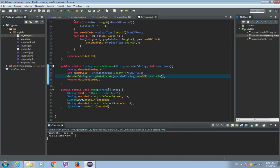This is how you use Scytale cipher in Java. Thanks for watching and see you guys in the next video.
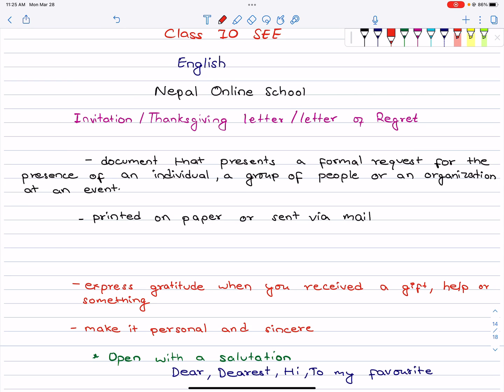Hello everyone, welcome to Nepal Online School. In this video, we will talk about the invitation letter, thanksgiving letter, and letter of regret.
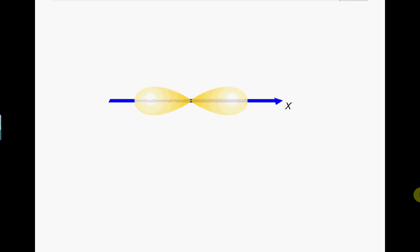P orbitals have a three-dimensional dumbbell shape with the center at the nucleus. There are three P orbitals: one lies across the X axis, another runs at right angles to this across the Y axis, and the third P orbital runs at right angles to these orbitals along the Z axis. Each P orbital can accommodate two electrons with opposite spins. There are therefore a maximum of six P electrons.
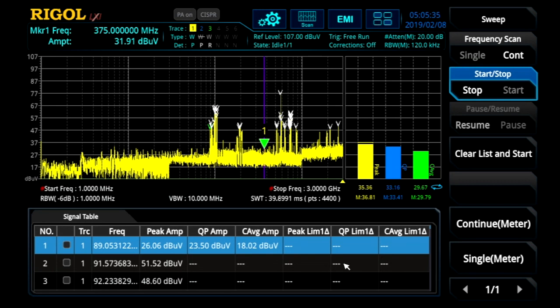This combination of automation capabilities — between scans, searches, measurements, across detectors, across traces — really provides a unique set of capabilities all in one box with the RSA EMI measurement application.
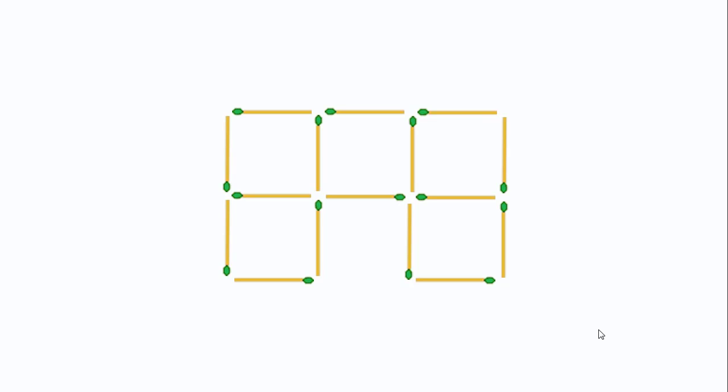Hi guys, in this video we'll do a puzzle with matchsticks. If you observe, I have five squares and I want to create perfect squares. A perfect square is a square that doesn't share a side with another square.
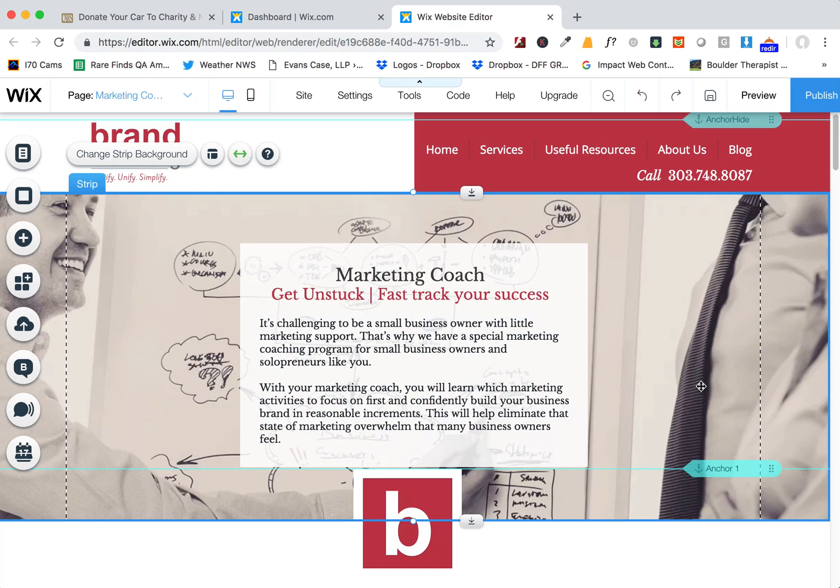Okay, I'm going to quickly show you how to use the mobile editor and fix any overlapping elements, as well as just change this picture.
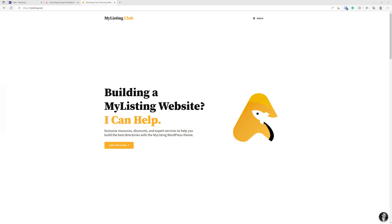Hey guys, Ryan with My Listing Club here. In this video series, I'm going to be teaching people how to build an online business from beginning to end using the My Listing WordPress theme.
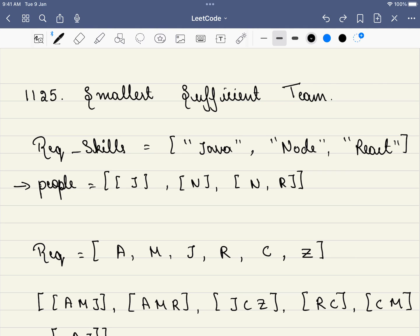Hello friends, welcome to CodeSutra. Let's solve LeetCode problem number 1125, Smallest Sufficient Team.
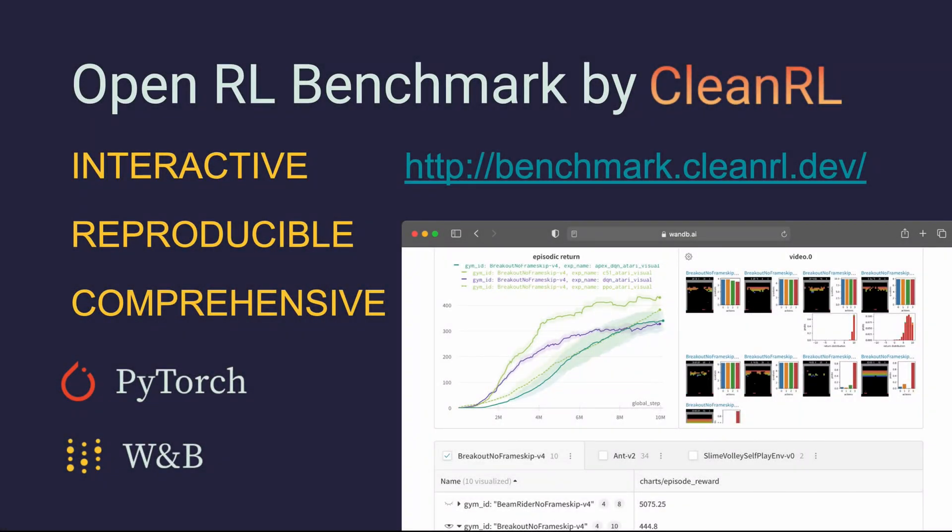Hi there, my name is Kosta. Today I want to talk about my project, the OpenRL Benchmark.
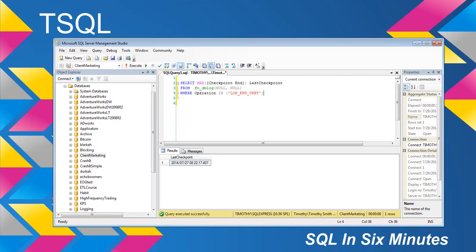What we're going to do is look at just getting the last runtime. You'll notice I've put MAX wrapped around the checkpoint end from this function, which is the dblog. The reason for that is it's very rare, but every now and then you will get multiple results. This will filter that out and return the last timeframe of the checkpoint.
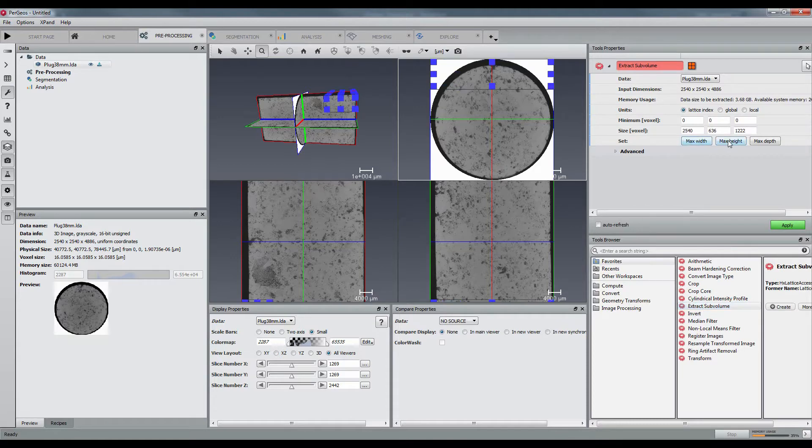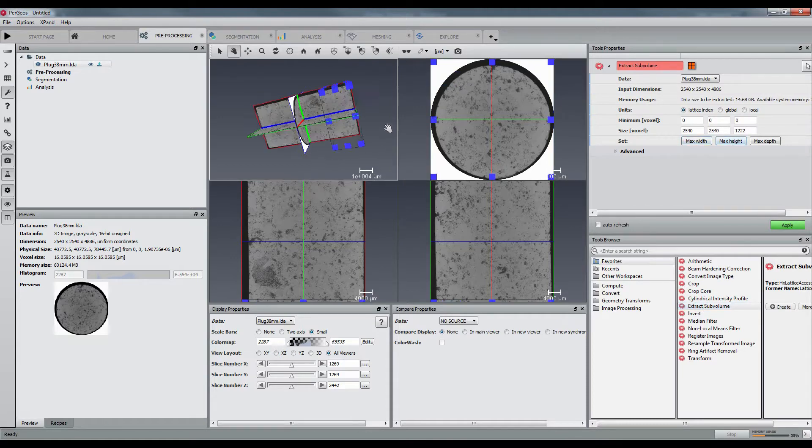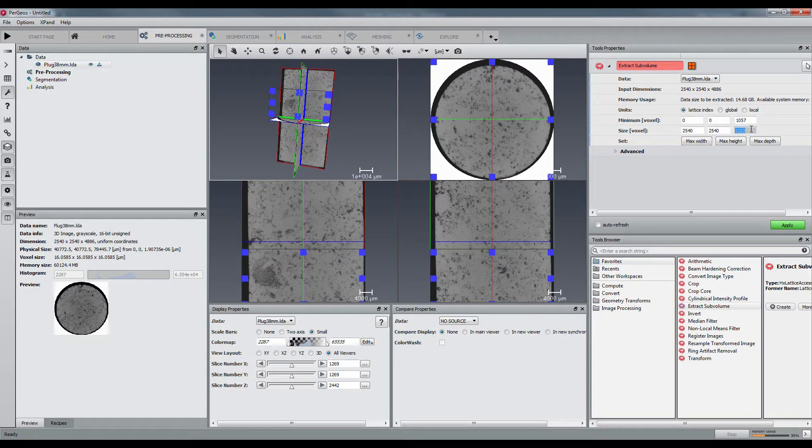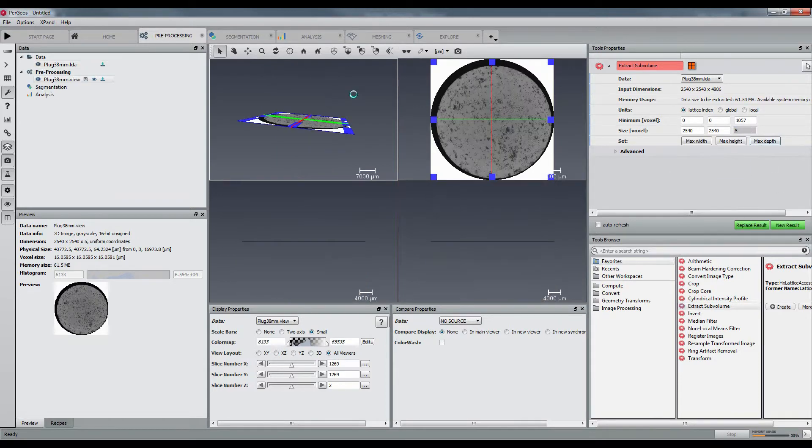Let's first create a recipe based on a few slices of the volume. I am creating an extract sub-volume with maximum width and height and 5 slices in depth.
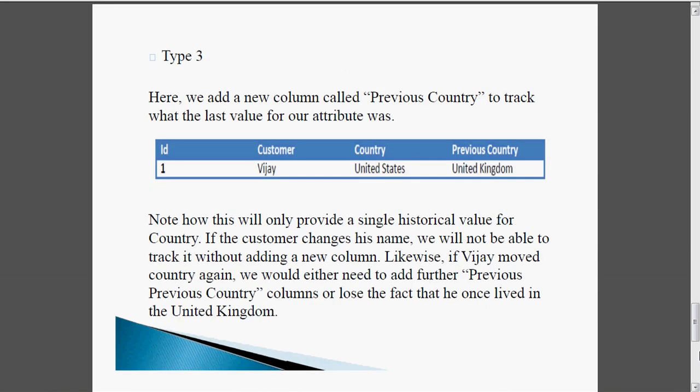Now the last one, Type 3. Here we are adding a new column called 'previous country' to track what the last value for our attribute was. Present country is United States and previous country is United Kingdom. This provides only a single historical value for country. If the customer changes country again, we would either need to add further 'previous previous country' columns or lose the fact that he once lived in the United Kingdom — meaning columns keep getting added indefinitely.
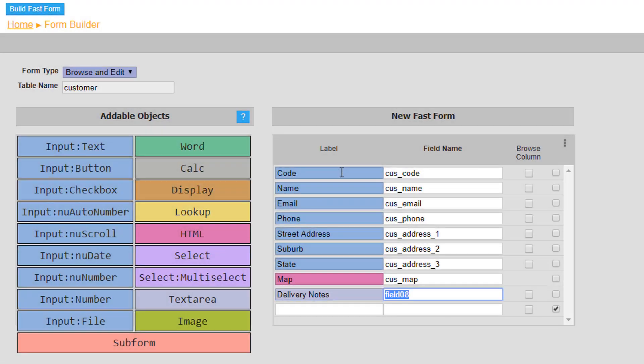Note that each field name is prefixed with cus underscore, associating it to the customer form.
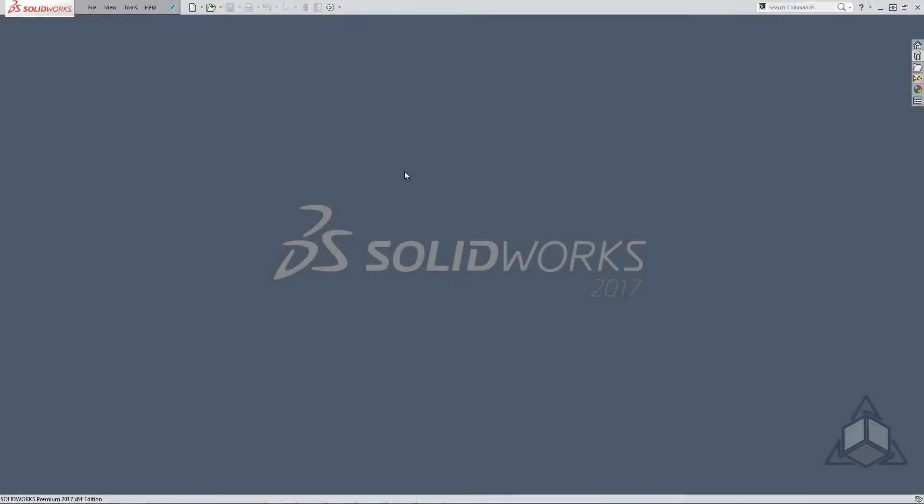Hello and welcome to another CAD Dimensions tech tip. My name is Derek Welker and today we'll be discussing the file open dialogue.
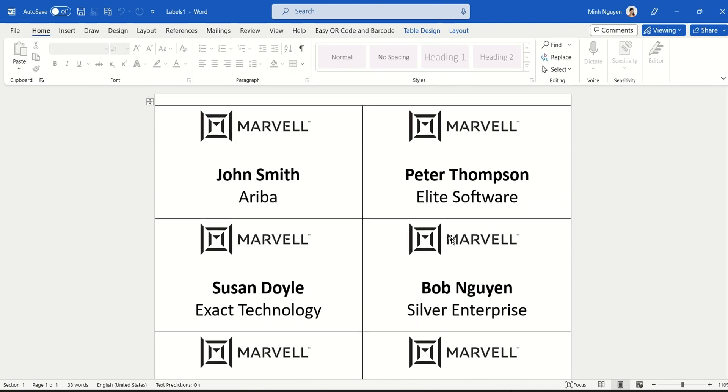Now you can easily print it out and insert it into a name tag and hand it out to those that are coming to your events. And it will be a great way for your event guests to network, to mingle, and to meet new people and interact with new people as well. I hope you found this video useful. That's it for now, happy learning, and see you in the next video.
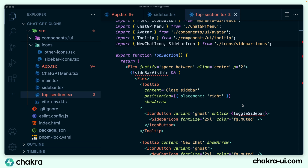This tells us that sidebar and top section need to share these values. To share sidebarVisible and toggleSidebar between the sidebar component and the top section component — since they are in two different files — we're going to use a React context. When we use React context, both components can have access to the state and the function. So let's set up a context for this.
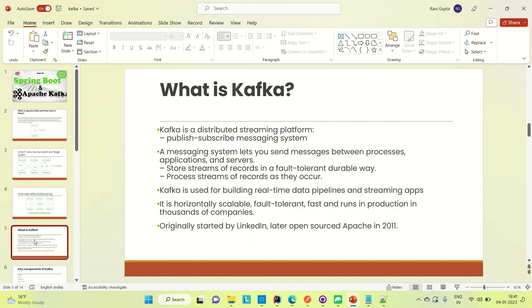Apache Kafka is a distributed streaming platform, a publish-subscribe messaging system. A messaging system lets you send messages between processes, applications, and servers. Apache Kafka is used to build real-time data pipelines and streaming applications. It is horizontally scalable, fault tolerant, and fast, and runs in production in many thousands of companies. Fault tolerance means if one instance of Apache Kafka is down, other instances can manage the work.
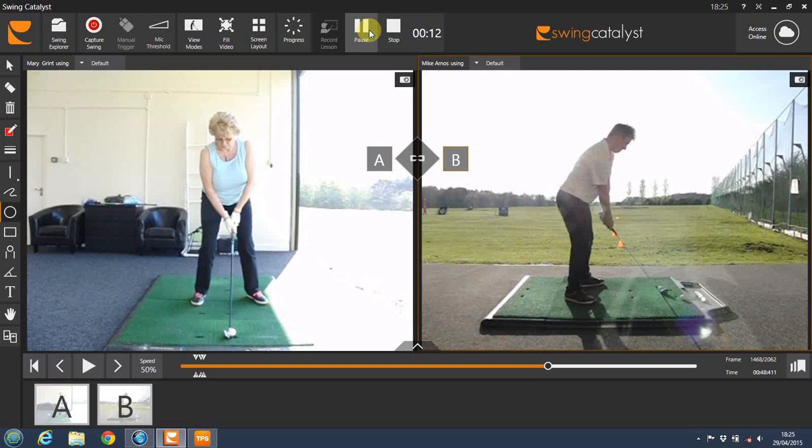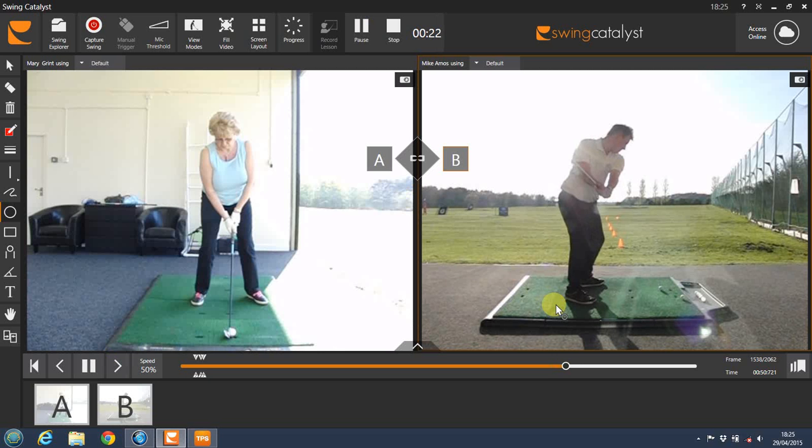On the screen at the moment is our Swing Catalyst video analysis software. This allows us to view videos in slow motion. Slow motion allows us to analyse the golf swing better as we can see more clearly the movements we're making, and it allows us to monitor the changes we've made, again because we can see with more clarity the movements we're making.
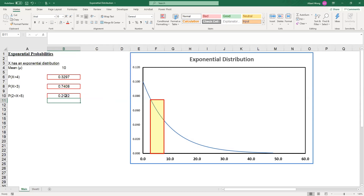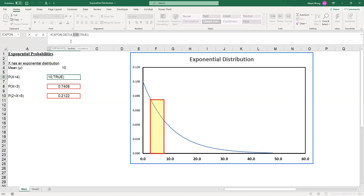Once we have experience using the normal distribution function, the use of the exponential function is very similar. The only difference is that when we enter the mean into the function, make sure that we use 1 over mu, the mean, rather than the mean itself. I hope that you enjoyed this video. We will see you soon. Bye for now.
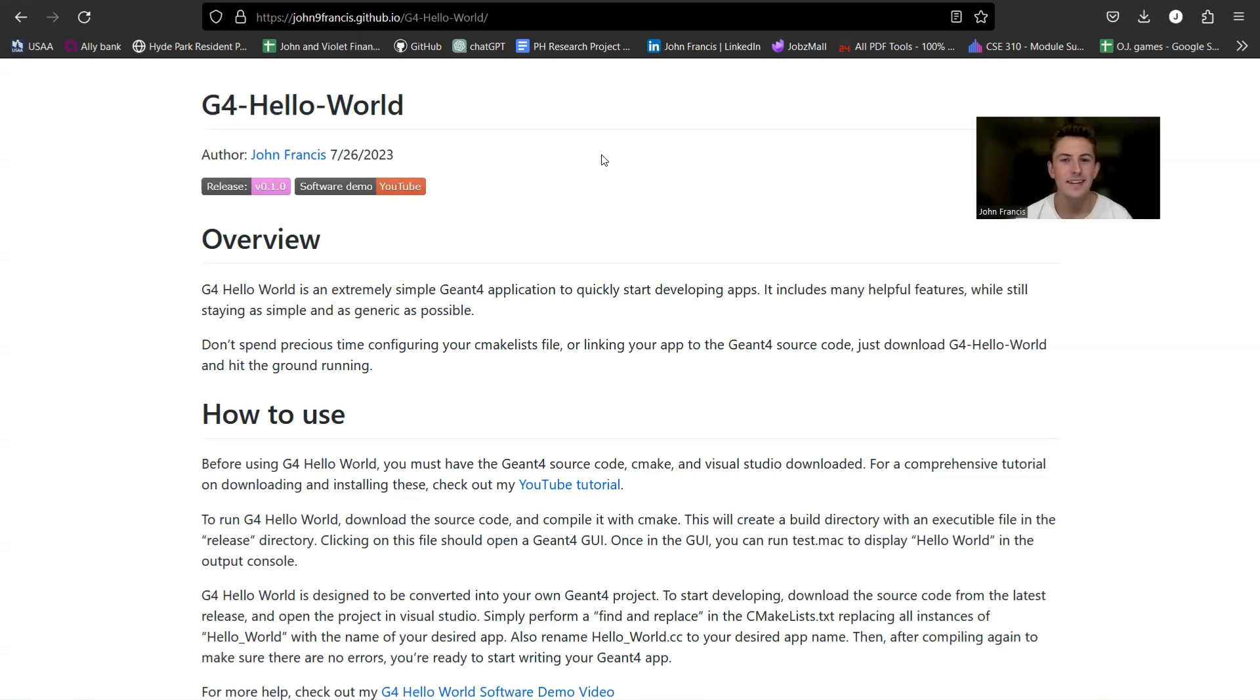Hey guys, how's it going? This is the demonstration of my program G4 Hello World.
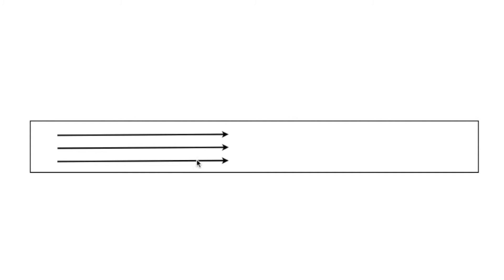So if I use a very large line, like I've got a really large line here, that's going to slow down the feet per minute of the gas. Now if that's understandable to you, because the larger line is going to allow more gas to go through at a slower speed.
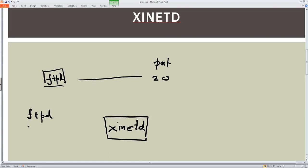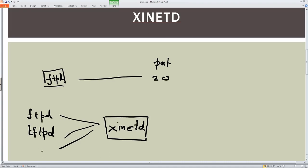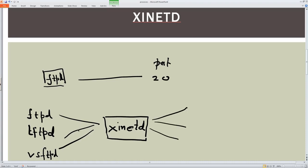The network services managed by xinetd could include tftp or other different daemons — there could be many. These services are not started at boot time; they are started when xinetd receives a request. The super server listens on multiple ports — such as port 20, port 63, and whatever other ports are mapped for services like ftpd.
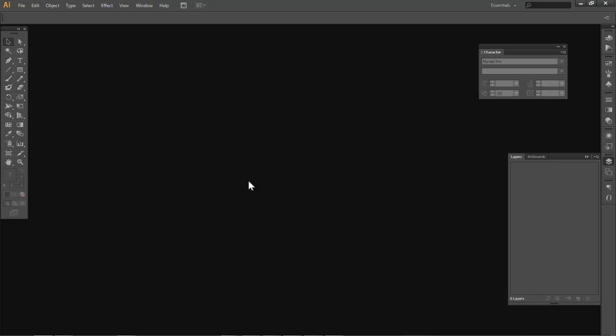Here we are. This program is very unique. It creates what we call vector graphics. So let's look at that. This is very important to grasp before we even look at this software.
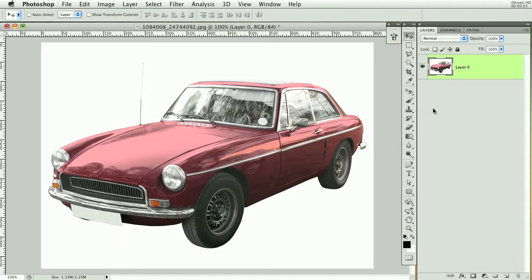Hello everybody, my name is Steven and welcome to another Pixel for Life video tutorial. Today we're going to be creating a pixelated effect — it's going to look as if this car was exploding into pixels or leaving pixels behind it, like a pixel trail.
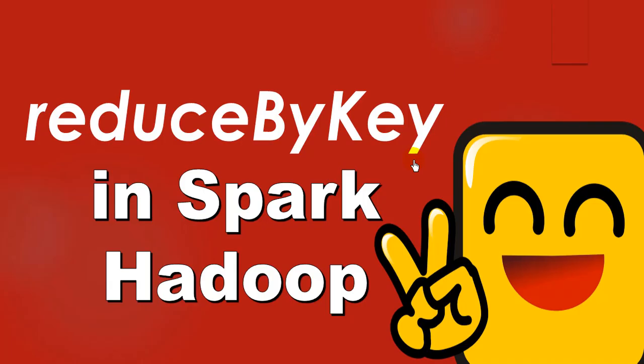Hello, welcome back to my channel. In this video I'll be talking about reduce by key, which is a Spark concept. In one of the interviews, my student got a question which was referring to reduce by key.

+ + +

• WHAT THE TASK ASKS: The answer must be the full listing, exact in every line, with the pictures removed.

• OUTPUT BELOW:
This is how you use Scytale cipher in Java. Thanks for watching and see you guys in the next video.
Hello everyone, welcome to Nepal Online School. In this video, we will talk about the invitation letter, thanksgiving letter, and letter of regret.
P orbitals have a three-dimensional dumbbell shape with the center at the nucleus. There are three P orbitals: one lies across the X axis, another runs at right angles to this across the Y axis, and the third P orbital runs at right angles to these orbitals along the Z axis. Each P orbital can accommodate two electrons with opposite spins. There are therefore a maximum of six P electrons.
This combination of automation capabilities — between scans, searches, measurements, across detectors, across traces — really provides a unique set of capabilities all in one box with the RSA EMI measurement application.
Hi guys, in this video we'll do a puzzle with matchsticks. If you observe, I have five squares and I want to create perfect squares. A perfect square is a square that doesn't share a side with another square.
Okay, I'm going to quickly show you how to use the mobile editor and fix any overlapping elements, as well as just change this picture.
Hey guys, Ryan with My Listing Club here. In this video series, I'm going to be teaching people how to build an online business from beginning to end using the My Listing WordPress theme.
Hello friends, welcome to CodeSutra. Let's solve LeetCode problem number 1125, Smallest Sufficient Team.
Hi there, my name is Kosta. Today I want to talk about my project, the OpenRL Benchmark.
What we're going to do is look at just getting the last runtime. You'll notice I've put MAX wrapped around the checkpoint end from this function, which is the dblog. The reason for that is it's very rare, but every now and then you will get multiple results. This will filter that out and return the last timeframe of the checkpoint.
Let's first create a recipe based on a few slices of the volume. I am creating an extract sub-volume with maximum width and height and 5 slices in depth.
Now the last one, Type 3. Here we are adding a new column called 'previous country' to track what the last value for our attribute was. Present country is United States and previous country is United Kingdom. This provides only a single historical value for country. If the customer changes country again, we would either need to add further 'previous previous country' columns or lose the fact that he once lived in the United Kingdom — meaning columns keep getting added indefinitely.
Note that each field name is prefixed with cus underscore, associating it to the customer form.
Hello and welcome to another CAD Dimensions tech tip. My name is Derek Welker and today we'll be discussing the file open dialogue.
Now you can easily print it out and insert it into a name tag and hand it out to those that are coming to your events. And it will be a great way for your event guests to network, to mingle, and to meet new people and interact with new people as well. I hope you found this video useful. That's it for now, happy learning, and see you in the next video.
This tells us that sidebar and top section need to share these values. To share sidebarVisible and toggleSidebar between the sidebar component and the top section component — since they are in two different files — we're going to use a React context. When we use React context, both components can have access to the state and the function. So let's set up a context for this.
Apache Kafka is a distributed streaming platform, a publish-subscribe messaging system. A messaging system lets you send messages between processes, applications, and servers. Apache Kafka is used to build real-time data pipelines and streaming applications. It is horizontally scalable, fault tolerant, and fast, and runs in production in many thousands of companies. Fault tolerance means if one instance of Apache Kafka is down, other instances can manage the work.
On the screen at the moment is our Swing Catalyst video analysis software. This allows us to view videos in slow motion. Slow motion allows us to analyse the golf swing better as we can see more clearly the movements we're making, and it allows us to monitor the changes we've made, again because we can see with more clarity the movements we're making.
Once we have experience using the normal distribution function, the use of the exponential function is very similar. The only difference is that when we enter the mean into the function, make sure that we use 1 over mu, the mean, rather than the mean itself. I hope that you enjoyed this video. We will see you soon. Bye for now.
Hey guys, how's it going? This is the demonstration of my program G4 Hello World.
So if I use a very large line, like I've got a really large line here, that's going to slow down the feet per minute of the gas. Now if that's understandable to you, because the larger line is going to allow more gas to go through at a slower speed.
The network services managed by xinetd could include tftp or other different daemons — there could be many. These services are not started at boot time; they are started when xinetd receives a request. The super server listens on multiple ports — such as port 20, port 63, and whatever other ports are mapped for services like ftpd.
Here we are. This program is very unique. It creates what we call vector graphics. So let's look at that. This is very important to grasp before we even look at this software.
Hello everybody, my name is Steven and welcome to another Pixel for Life video tutorial. Today we're going to be creating a pixelated effect — it's going to look as if this car was exploding into pixels or leaving pixels behind it, like a pixel trail.
Hello, welcome back to my channel. In this video I'll be talking about reduce by key, which is a Spark concept. In one of the interviews, my student got a question which was referring to reduce by key.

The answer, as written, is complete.